§ PROBLEM: Output exactly the lines from the one containing "CRB014 La Basic" through the final line of the entries below, both included, and skip the pictures.

SUPPLIED MATERIAL Start Marker

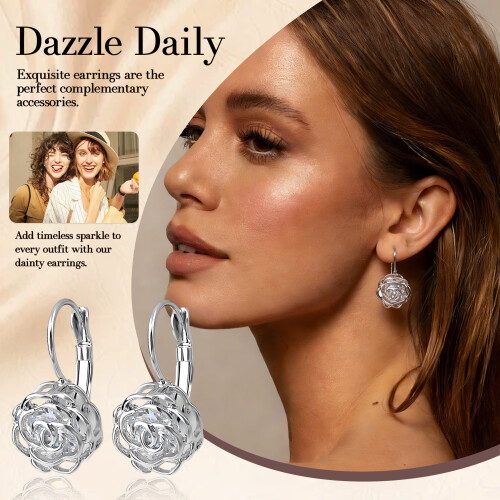 DESIGNICE white gold plated leverback rose drop earrings, 2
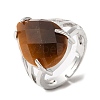 Natural Tiger Eye Teardrop Adjustable Rings RJEW-K241-03P-12-3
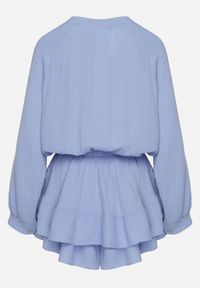 Born2be - Niebieski Wiązany Bawełniany Kombinezon Boho z Falbankami i Wiązaniem Lalelia. Kolor: niebieski. Materiał: bawełna. Sezon: lato. Styl: boho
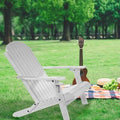 White Solid Wood Folding Adirondack Chair V619992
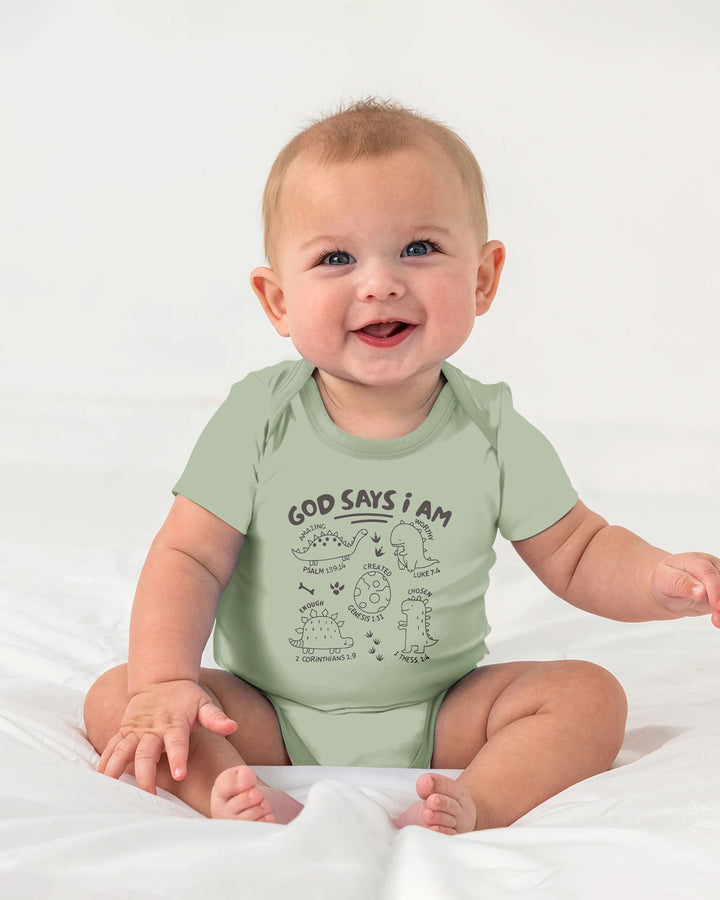 God say i am Dinosaur Bamboo Bodysuit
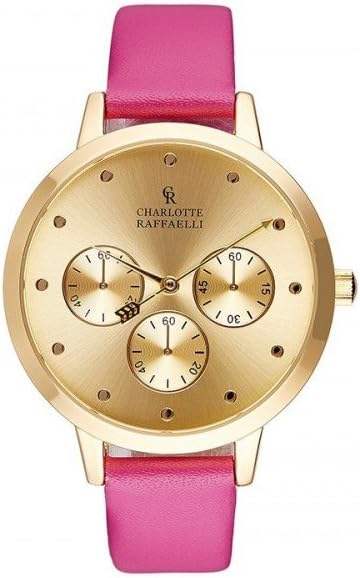 CRB014 La Basic - Gold/Purple Leather Strap Watch by Charlotte Raffaelli for Women - 1 Pc Watch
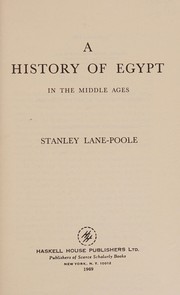 Cover of: A history of Egypt in the Middle Ages.
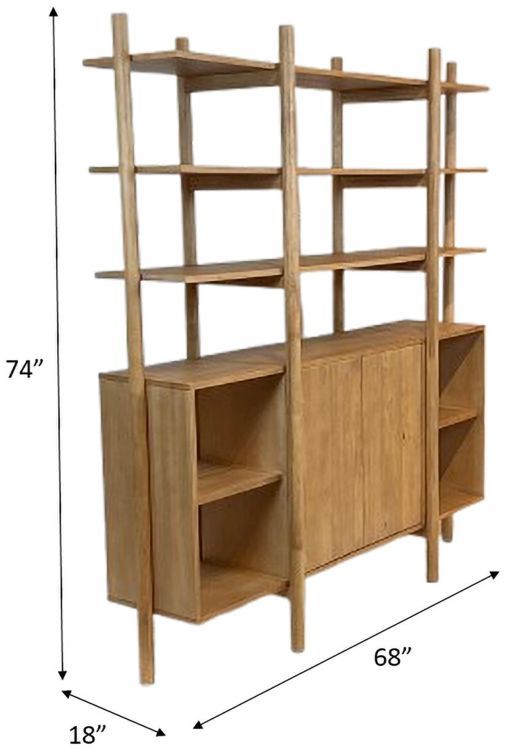 Nest Home Collections Kenneth Natural Blonde Etagere Room Divider-2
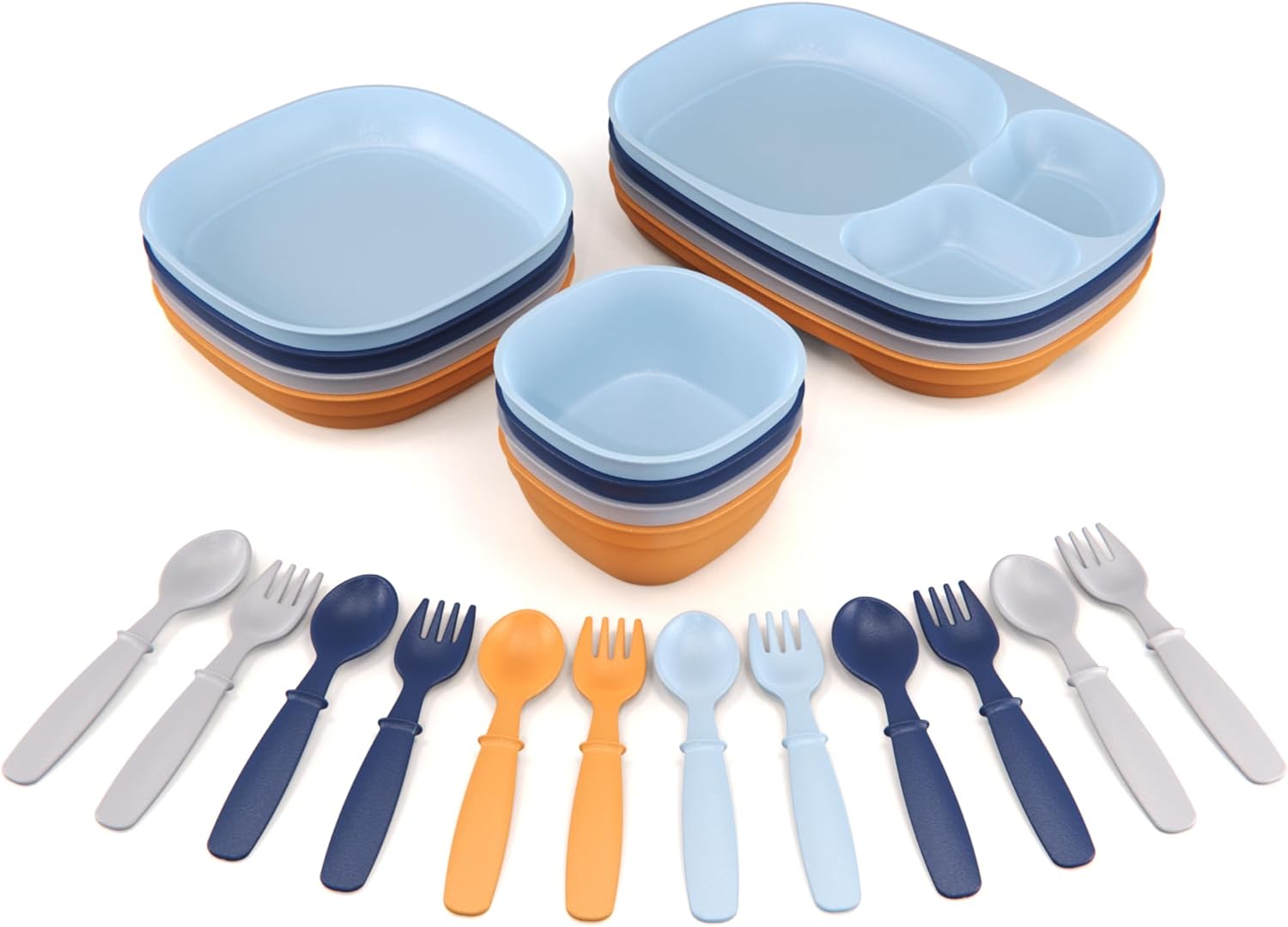 MightyMoe Kids Dinnerware Set - 24 Pieces Sunset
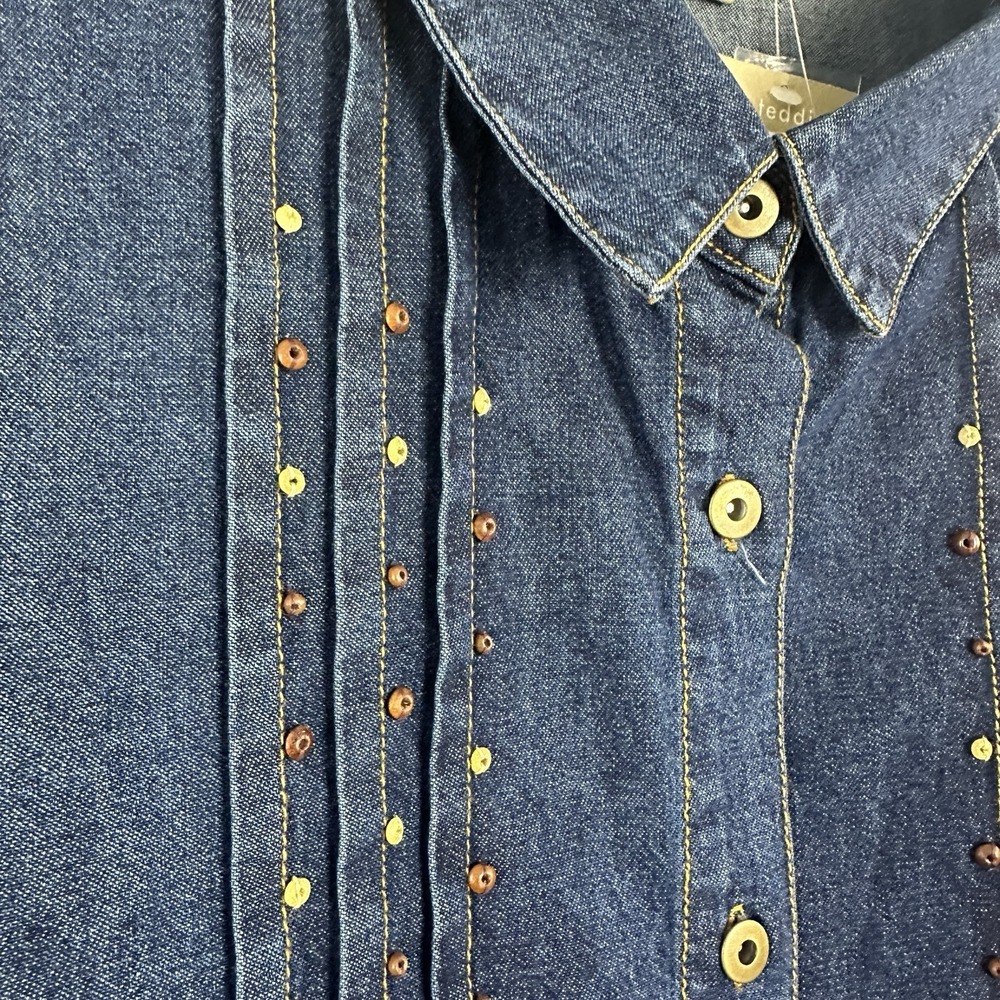 Vintage Teddi Womens Denim Button Up Shirt 2X Blue Beaded Pleated Western Boho - Picture 4 of 9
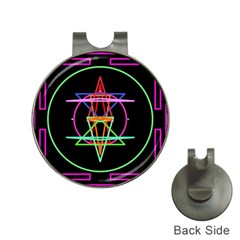 Drawing Of A Color Mandala On Black Hat Clips With Golf Markers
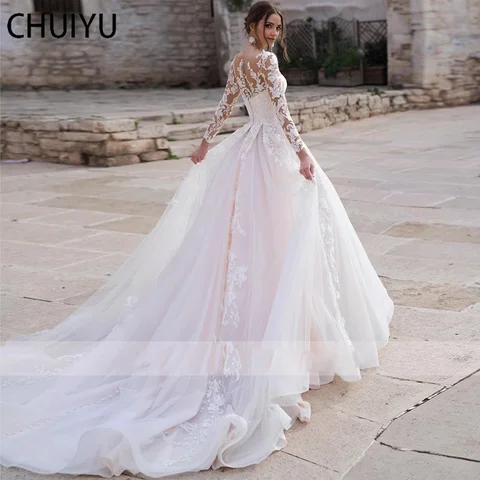 HERBURNL Elegant Wedding Dresses For Women 2023 Lace A Line Long Sleeves Appliques Bridal  Ladies Party Vestido De Casamento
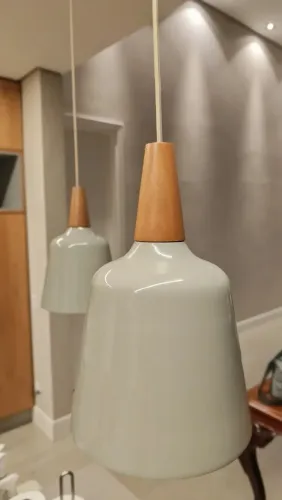 Luminária pendente cinza - 20 cm de diâmetro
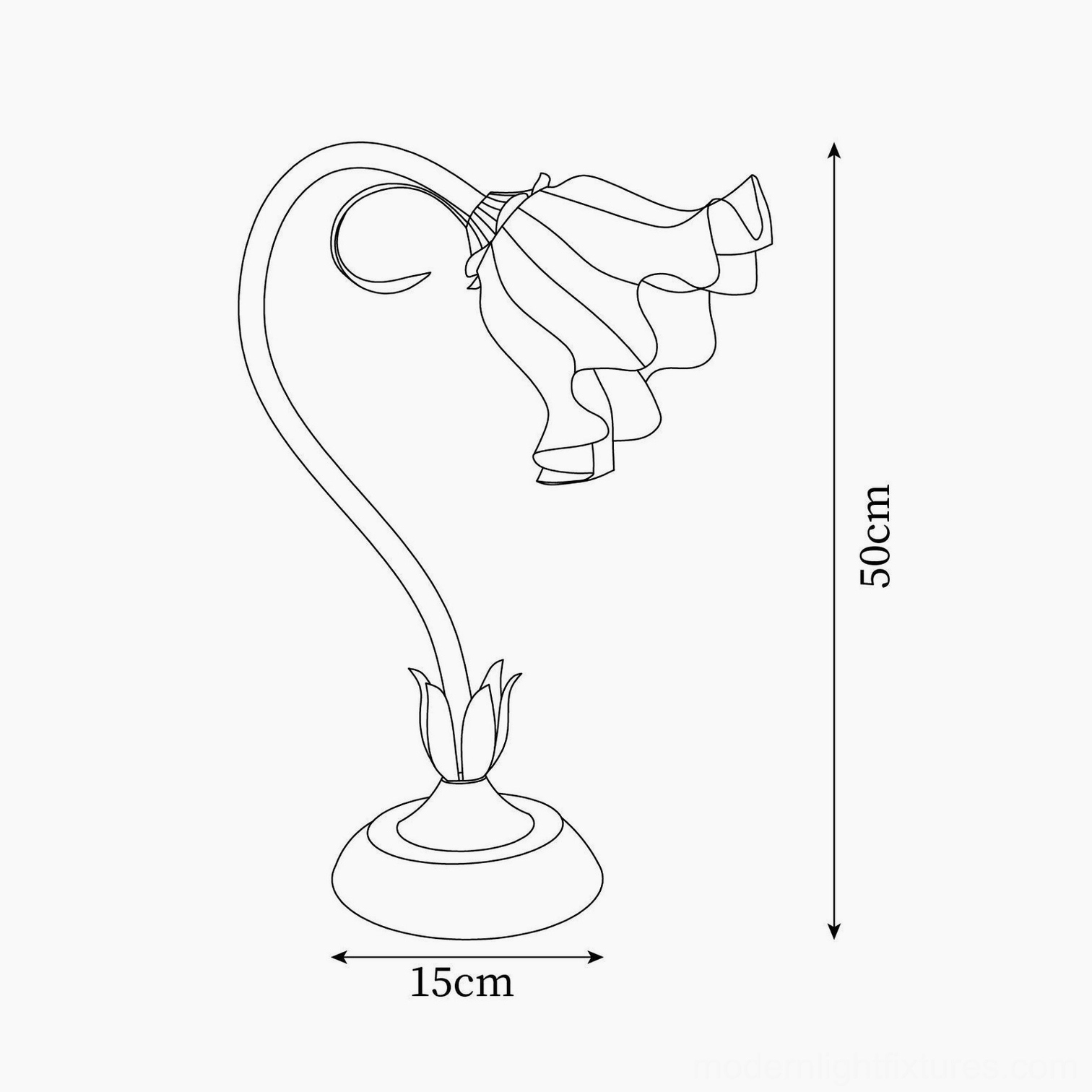 Lily flower table lamp design sketch orthographic view showing dimensions 50cm height and 15cm base width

SUPPLIED MATERIAL End Marker

§ RESULT FOR THIS TASK:
 CRB014 La Basic - Gold/Purple Leather Strap Watch by Charlotte Raffaelli for Women - 1 Pc Watch
 Cover of: A history of Egypt in the Middle Ages.
 Nest Home Collections Kenneth Natural Blonde Etagere Room Divider-2
 MightyMoe Kids Dinnerware Set - 24 Pieces Sunset
 Vintage Teddi Womens Denim Button Up Shirt 2X Blue Beaded Pleated Western Boho - Picture 4 of 9
 Drawing Of A Color Mandala On Black Hat Clips With Golf Markers
 HERBURNL Elegant Wedding Dresses For Women 2023 Lace A Line Long Sleeves Appliques Bridal  Ladies Party Vestido De Casamento
 Luminária pendente cinza - 20 cm de diâmetro
 Lily flower table lamp design sketch orthographic view showing dimensions 50cm height and 15cm base width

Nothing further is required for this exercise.